Updated: Apr 3
This was the line outside the South Flores Market a couple of weeks ago, just before the store opened on a Saturday morning, one of the earliest days of flow control.
Changes, changes, changes
Grocery shopping has undergone some dramatic changes in recent weeks, and we’re all adapting — shoppers, stores, and the supply chain.
Lavaca and Friends spoke with our neighbor, Joe Zetzsche, an executive with H-E-B corporate, to find out more about how things are going — and how they’re changing. Joe is H-E-B’s Director of BLOOMS® Floral, responsible for floral operations throughout all the stores. He’s also a long-time Lavaca resident, living in a restored home that Joe tells us is one of the oldest in the neighborhood.
H-E-B has been preparing for this pandemic for a long time. There’s a story about it in Texas Monthly, posted just a week ago: https://www.texasmonthly.com/food/heb-prepared-coronavirus-pandemic/
According to the article, H-E-B first put together a pandemic plan back in 2005, first applied it to the 2009 Swine Flu, and has been refining it ever since.
H-E-B corporate began paying attention to the coronavirus in the second week of January, when they began getting reports out of China. According to the article, as things progressed, they got good information from retailers in both China and Italy that gave them an idea of what was happening on the ground where the virus was already spreading.
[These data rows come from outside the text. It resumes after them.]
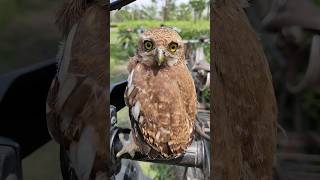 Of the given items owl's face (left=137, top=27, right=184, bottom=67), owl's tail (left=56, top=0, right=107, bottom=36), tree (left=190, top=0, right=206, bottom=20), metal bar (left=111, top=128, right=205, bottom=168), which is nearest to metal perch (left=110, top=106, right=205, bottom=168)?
metal bar (left=111, top=128, right=205, bottom=168)

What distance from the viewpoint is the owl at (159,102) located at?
1605 millimetres

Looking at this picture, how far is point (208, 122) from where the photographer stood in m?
1.61

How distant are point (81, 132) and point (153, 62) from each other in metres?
0.41

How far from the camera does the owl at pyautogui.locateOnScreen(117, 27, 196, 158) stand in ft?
5.27

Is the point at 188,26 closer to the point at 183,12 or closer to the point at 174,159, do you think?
the point at 183,12

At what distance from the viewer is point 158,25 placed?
162 centimetres

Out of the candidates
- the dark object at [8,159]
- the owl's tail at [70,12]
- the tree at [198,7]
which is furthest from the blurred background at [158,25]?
the dark object at [8,159]

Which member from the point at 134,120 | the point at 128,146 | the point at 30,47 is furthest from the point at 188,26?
the point at 30,47

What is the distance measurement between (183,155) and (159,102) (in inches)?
8.8

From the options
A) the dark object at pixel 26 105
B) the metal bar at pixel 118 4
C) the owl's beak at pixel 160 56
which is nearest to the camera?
the owl's beak at pixel 160 56

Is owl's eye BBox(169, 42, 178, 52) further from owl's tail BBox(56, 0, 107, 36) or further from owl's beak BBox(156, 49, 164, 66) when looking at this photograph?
owl's tail BBox(56, 0, 107, 36)

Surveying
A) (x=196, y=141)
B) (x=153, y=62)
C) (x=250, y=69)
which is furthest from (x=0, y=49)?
(x=250, y=69)

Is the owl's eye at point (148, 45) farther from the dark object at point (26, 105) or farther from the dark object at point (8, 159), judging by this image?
the dark object at point (8, 159)

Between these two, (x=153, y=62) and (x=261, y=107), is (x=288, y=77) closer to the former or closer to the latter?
(x=261, y=107) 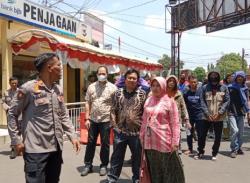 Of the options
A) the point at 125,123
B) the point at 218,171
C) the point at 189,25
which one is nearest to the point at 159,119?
the point at 125,123

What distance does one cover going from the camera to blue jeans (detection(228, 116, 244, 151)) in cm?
909

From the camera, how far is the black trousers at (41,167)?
4.09 meters

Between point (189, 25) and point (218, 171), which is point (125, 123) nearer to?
point (218, 171)

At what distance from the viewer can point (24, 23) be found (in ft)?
43.8

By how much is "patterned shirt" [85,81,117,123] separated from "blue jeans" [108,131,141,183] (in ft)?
3.25

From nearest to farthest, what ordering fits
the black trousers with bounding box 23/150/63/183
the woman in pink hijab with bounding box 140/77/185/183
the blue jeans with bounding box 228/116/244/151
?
the black trousers with bounding box 23/150/63/183 < the woman in pink hijab with bounding box 140/77/185/183 < the blue jeans with bounding box 228/116/244/151

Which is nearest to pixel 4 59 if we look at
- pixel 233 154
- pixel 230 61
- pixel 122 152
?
pixel 233 154

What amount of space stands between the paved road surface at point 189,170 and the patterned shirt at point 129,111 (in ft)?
3.55

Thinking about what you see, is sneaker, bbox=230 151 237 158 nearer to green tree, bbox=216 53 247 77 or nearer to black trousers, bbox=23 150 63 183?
black trousers, bbox=23 150 63 183

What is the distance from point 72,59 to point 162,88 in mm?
7366

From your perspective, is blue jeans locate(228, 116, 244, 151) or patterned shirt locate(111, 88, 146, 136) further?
blue jeans locate(228, 116, 244, 151)

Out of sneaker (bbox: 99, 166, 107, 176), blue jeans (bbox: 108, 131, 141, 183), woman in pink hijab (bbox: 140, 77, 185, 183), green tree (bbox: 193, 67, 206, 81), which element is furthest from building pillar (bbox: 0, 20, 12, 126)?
woman in pink hijab (bbox: 140, 77, 185, 183)

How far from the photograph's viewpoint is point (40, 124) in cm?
416

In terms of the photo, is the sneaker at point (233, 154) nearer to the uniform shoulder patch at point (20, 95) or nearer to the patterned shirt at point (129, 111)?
the patterned shirt at point (129, 111) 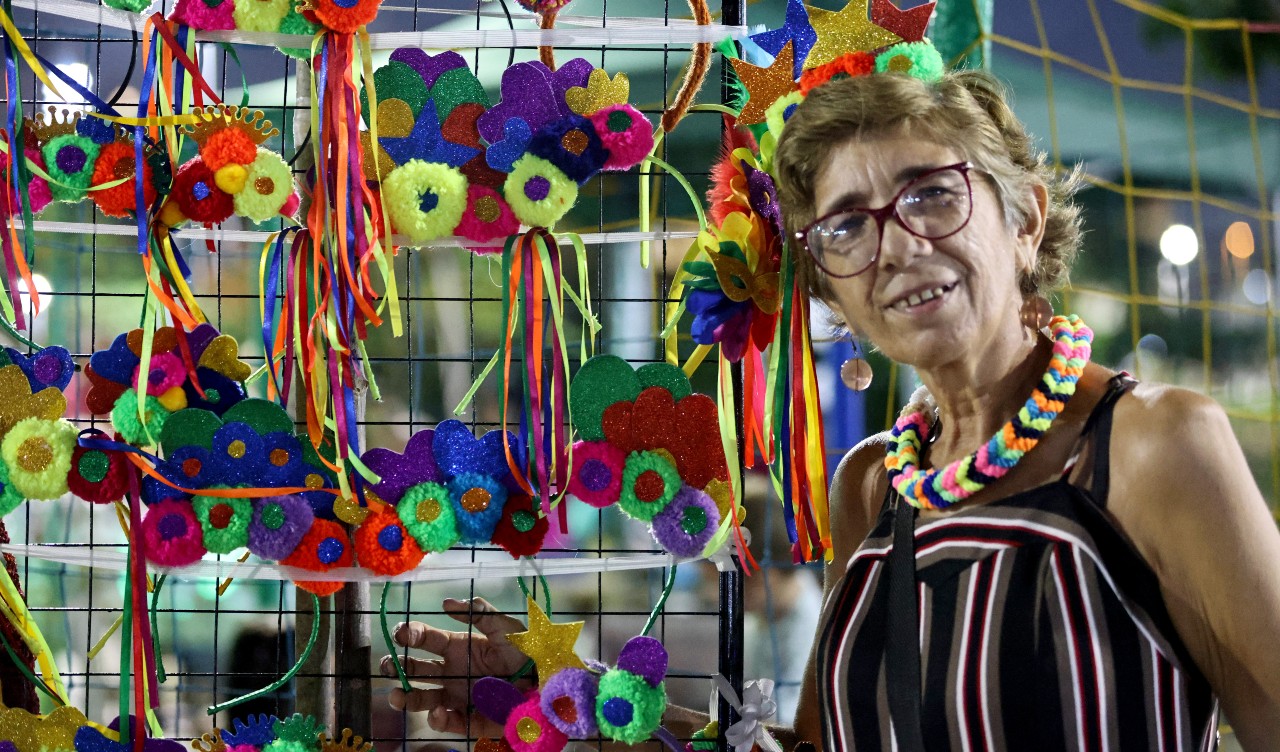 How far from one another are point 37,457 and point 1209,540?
41.4 inches

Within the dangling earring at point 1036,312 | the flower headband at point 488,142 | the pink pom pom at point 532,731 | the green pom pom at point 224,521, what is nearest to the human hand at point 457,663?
the pink pom pom at point 532,731

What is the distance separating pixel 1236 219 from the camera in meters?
2.62

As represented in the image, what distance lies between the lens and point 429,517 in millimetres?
1181

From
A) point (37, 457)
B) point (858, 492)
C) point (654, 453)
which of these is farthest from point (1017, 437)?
point (37, 457)

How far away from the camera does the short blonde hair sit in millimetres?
959

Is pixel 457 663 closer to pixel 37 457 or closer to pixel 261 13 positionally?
pixel 37 457

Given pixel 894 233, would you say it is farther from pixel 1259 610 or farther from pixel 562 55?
pixel 562 55

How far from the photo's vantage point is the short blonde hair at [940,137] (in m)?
0.96

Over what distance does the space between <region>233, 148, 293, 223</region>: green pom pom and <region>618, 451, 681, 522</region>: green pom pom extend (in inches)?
17.1

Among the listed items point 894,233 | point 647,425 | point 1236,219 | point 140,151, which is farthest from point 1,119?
point 1236,219

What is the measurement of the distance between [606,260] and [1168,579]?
2047 mm

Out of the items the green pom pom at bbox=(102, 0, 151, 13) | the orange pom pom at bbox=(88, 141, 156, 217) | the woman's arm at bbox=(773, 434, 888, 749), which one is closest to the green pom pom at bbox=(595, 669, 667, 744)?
the woman's arm at bbox=(773, 434, 888, 749)

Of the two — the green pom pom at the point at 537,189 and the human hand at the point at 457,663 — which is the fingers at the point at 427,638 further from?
the green pom pom at the point at 537,189

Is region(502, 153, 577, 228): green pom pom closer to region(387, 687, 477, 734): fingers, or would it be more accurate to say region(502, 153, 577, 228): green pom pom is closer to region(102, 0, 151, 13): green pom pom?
region(102, 0, 151, 13): green pom pom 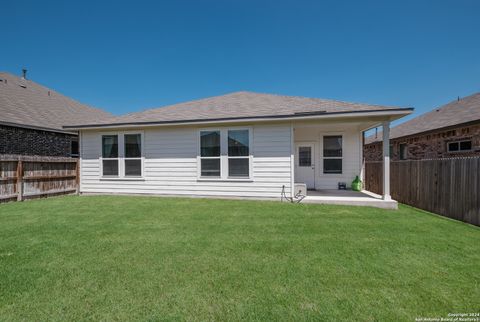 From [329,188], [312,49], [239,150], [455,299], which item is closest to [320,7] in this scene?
[312,49]

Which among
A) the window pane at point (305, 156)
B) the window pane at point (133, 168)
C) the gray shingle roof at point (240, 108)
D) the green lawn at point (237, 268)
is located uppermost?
the gray shingle roof at point (240, 108)

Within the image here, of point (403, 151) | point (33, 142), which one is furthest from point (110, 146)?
point (403, 151)

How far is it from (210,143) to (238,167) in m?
1.38

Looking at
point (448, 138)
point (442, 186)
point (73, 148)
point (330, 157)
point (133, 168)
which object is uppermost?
point (448, 138)

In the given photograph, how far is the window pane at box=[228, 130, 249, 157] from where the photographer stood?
809 cm

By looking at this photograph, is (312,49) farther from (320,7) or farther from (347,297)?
(347,297)

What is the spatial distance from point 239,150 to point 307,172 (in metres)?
3.90

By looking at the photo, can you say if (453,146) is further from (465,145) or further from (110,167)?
(110,167)

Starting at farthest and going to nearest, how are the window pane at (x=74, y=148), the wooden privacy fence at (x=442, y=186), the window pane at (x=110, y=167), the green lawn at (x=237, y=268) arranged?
the window pane at (x=74, y=148)
the window pane at (x=110, y=167)
the wooden privacy fence at (x=442, y=186)
the green lawn at (x=237, y=268)

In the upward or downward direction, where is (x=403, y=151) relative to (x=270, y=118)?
downward

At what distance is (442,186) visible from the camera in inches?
243

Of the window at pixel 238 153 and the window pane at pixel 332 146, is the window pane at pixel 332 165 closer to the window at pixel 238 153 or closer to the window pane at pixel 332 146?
the window pane at pixel 332 146

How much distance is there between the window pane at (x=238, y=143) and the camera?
8.09m

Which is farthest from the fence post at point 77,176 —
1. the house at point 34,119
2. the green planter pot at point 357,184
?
the green planter pot at point 357,184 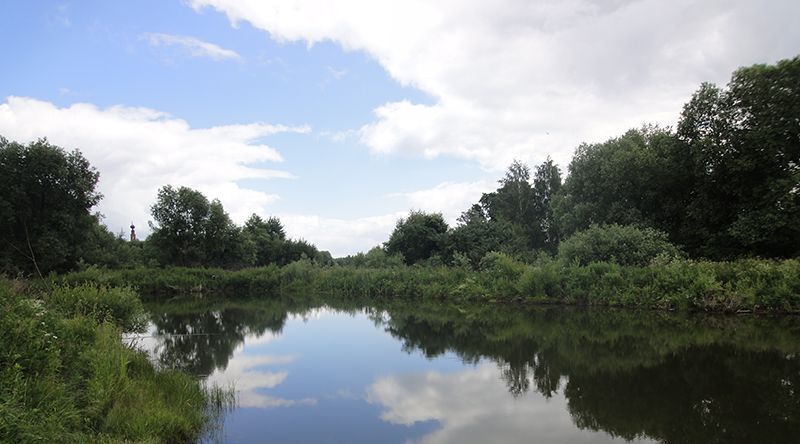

Implementation of their plan kicked off in mid-February, when the first case of the virus was recognized in Texas, and on March 4, H-E-B activated its Emergency Operations Center here in San Antonio.
South Flores Market
Our local H-E-B store — the South Flores Market — has been affected by the pandemic. Most of the effects are common to all the H-E-B stores, but the SoFlo store is smaller than most and the effects may manifest themselves a bit differently.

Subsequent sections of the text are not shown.